Por Jorge Carrigan.
Los números existieron desde siempre, pero ocurre que hubo un tiempo en que todos tenían el mismo valor. Y vivían muy felices, hasta un aciago día en que decidieron convertirse en humanos. Hicieron venir entonces a cierta brujita muy buena; quien, aunque nunca se ha hecho público, ha sido, desde tiempos inmemoriales, el hada madrina de los números. “Concedido” -dijo el hada. Y a partir de ese momento se pudo ver, en cualquier calle de la ciudad, al delgado 1, el estilizado 2, el inteligente 9 o el regordete 8 pasear junto a sus demás hermanos.
La tragedia ocurrió un tiempo después.
Algunas personas empezaron a comentar que según las apariencias había un número que era inferior a los demás... que este era superior a aquel... que había uno que parecía ser mayor que el que tenía al lado... y así hasta el infausto día en que los números comenzaron a hacer caso a la gente.
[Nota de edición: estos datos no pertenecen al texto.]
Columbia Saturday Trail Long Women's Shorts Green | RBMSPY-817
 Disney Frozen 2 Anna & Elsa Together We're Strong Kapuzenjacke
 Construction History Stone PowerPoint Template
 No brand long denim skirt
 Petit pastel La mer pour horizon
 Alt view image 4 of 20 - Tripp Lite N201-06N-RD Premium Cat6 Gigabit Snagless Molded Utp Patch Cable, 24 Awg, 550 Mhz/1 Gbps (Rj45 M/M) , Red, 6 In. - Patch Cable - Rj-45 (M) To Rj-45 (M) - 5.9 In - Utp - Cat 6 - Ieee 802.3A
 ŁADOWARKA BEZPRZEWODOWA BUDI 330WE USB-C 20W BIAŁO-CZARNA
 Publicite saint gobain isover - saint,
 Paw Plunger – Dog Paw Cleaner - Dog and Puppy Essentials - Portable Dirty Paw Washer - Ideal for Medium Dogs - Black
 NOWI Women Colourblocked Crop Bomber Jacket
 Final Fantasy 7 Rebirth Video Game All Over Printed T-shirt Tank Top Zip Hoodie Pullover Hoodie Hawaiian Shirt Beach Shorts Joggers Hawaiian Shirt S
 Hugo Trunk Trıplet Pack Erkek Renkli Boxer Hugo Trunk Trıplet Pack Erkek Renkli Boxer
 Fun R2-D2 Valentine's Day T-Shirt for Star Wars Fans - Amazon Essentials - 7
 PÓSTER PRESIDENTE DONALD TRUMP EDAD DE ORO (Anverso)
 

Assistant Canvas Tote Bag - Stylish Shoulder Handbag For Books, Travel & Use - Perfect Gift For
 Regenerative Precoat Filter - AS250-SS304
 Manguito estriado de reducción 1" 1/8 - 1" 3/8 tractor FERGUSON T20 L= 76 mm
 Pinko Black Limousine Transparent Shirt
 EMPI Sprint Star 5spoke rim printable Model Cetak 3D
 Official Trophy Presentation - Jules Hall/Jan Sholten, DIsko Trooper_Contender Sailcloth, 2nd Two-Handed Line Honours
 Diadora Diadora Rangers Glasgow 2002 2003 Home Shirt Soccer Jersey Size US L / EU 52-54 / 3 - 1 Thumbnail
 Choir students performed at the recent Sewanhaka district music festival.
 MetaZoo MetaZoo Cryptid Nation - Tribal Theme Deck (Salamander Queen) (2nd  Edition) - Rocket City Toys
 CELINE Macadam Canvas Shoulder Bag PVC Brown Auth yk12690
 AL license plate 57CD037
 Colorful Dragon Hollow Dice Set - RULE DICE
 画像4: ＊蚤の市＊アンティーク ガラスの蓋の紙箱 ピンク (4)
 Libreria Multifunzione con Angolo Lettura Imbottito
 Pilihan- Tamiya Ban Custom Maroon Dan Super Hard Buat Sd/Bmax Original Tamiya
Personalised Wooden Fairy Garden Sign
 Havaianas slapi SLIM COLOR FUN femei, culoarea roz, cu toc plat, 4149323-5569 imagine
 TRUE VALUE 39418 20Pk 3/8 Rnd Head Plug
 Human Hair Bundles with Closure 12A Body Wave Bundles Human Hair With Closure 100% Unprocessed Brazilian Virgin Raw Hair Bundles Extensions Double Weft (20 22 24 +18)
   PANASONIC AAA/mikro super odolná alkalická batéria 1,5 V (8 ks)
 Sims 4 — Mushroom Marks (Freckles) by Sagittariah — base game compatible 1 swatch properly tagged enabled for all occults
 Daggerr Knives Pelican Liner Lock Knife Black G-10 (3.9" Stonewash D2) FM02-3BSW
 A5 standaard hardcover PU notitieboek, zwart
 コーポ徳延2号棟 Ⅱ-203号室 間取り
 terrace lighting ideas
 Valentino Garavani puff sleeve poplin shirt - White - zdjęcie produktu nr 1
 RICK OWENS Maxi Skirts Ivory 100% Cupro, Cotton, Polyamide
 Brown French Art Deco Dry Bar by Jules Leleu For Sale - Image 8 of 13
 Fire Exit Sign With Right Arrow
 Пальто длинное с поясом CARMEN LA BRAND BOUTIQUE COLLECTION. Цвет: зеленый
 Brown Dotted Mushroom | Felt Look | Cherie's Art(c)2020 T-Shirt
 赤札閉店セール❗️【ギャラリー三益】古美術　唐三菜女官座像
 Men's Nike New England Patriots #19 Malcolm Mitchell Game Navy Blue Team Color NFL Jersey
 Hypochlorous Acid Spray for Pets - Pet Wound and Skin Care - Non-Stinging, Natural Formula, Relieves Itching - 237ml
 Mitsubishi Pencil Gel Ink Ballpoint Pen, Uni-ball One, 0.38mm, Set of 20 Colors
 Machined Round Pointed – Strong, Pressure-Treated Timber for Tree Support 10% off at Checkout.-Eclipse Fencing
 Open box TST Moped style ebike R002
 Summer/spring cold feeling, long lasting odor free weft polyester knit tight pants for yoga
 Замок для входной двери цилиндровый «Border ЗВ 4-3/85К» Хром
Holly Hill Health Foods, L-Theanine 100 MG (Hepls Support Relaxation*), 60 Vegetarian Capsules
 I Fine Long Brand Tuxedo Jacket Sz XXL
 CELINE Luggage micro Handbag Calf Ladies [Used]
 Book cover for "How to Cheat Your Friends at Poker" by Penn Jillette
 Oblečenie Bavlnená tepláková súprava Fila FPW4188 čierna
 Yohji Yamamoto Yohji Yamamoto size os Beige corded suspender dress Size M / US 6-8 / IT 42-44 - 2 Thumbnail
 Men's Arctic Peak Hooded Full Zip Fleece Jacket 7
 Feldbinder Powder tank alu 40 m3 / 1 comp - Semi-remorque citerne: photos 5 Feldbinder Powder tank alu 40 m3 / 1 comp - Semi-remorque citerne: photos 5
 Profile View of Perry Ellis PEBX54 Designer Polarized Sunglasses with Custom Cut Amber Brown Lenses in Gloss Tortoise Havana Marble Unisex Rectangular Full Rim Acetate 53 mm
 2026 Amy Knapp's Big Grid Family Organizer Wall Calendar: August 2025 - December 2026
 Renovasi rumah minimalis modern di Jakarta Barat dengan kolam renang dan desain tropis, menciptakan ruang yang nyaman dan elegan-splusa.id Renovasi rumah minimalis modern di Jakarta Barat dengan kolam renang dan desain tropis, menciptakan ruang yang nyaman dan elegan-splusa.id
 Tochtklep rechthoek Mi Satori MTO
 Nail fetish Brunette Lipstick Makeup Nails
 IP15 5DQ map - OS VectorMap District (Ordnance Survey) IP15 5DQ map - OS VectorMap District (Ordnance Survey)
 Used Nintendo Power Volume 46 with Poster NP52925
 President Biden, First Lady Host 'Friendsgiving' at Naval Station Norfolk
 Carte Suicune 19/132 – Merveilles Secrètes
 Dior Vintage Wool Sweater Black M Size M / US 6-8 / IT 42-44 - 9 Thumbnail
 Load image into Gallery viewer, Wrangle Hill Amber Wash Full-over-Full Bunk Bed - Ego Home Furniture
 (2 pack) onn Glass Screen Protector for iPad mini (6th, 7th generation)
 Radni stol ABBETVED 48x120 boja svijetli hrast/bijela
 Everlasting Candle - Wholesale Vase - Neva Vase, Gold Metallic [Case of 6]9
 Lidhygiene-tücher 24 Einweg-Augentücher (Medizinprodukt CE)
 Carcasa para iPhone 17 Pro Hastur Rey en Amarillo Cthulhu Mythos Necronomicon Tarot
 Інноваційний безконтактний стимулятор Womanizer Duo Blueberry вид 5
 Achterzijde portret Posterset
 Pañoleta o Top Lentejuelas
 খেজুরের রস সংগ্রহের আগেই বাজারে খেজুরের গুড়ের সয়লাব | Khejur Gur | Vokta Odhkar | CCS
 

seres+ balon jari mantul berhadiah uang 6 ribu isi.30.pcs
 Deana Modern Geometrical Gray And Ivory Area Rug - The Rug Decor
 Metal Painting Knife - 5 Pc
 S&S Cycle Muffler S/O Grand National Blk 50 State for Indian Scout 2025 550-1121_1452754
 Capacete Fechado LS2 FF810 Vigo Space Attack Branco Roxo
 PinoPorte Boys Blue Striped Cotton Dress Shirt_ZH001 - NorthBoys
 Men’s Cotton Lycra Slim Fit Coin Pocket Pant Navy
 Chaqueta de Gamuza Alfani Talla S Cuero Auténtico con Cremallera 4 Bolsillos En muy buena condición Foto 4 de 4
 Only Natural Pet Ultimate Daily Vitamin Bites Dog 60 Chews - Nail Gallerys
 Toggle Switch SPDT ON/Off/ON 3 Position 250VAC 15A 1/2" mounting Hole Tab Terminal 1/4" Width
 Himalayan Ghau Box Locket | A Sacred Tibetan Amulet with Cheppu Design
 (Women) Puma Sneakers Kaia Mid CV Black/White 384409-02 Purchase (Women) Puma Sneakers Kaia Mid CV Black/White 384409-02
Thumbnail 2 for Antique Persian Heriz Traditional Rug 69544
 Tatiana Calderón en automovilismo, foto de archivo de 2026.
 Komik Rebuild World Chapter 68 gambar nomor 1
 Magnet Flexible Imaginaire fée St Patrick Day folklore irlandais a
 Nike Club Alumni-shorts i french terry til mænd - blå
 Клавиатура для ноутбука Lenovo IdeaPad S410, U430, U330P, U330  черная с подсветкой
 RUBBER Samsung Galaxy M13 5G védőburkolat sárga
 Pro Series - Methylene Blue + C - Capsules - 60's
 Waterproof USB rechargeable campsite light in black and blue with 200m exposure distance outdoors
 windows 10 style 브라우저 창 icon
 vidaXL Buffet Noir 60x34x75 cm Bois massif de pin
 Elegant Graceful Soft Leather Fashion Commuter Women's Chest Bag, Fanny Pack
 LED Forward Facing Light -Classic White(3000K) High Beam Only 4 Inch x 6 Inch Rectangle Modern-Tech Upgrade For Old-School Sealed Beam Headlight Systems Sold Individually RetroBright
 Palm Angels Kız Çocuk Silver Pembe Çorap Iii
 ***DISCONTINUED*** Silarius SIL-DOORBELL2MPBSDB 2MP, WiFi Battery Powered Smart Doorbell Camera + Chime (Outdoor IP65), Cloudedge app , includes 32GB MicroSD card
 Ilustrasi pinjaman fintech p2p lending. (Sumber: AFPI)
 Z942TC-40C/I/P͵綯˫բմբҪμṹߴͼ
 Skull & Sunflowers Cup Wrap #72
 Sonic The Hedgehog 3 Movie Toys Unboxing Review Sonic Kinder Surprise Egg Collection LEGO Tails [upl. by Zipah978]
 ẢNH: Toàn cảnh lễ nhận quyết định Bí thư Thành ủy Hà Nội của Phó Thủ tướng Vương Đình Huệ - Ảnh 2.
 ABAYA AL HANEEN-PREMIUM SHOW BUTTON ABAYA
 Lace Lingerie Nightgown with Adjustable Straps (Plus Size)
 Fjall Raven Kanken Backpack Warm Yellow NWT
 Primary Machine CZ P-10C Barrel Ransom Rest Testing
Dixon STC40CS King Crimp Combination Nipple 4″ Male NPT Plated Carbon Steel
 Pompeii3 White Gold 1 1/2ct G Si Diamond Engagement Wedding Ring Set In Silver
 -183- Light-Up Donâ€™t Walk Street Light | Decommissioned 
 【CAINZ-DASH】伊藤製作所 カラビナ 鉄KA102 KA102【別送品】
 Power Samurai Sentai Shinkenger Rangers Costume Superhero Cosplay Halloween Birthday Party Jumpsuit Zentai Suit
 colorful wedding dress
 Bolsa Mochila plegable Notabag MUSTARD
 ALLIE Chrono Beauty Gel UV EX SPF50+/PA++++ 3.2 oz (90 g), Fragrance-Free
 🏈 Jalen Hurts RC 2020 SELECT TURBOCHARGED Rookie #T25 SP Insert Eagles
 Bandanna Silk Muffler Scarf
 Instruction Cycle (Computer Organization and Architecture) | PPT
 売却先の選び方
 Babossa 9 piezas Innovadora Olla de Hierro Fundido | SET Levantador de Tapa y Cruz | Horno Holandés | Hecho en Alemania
Se separaron entonces y se fueron a vivir cada cual de acuerdo a las categorías que los humanos les habían otorgado.
Enseguida se enteró el hada madrina de lo que estaba ocurriendo, voló inmediatamente al lugar del conflicto y, como suele suceder en este tipo de historias, deshizo el encanto. De manera que hizo que regresaran a su antigua condición de números, pero, como castigo, les mantuvo la desigualdad que habían adquirido en su paso por la humanidad. En cuanto a las personas, culpables del conflicto, el hada las condenó a aprender de memoria, generación tras generación, las diferencias entre los números que ellos mismos habían inventado. Quedaron excluidos de aquel maleficio solamente los locos, los borrachos y los niños quienes aún, en la actualidad, confunden los números con frecuencia.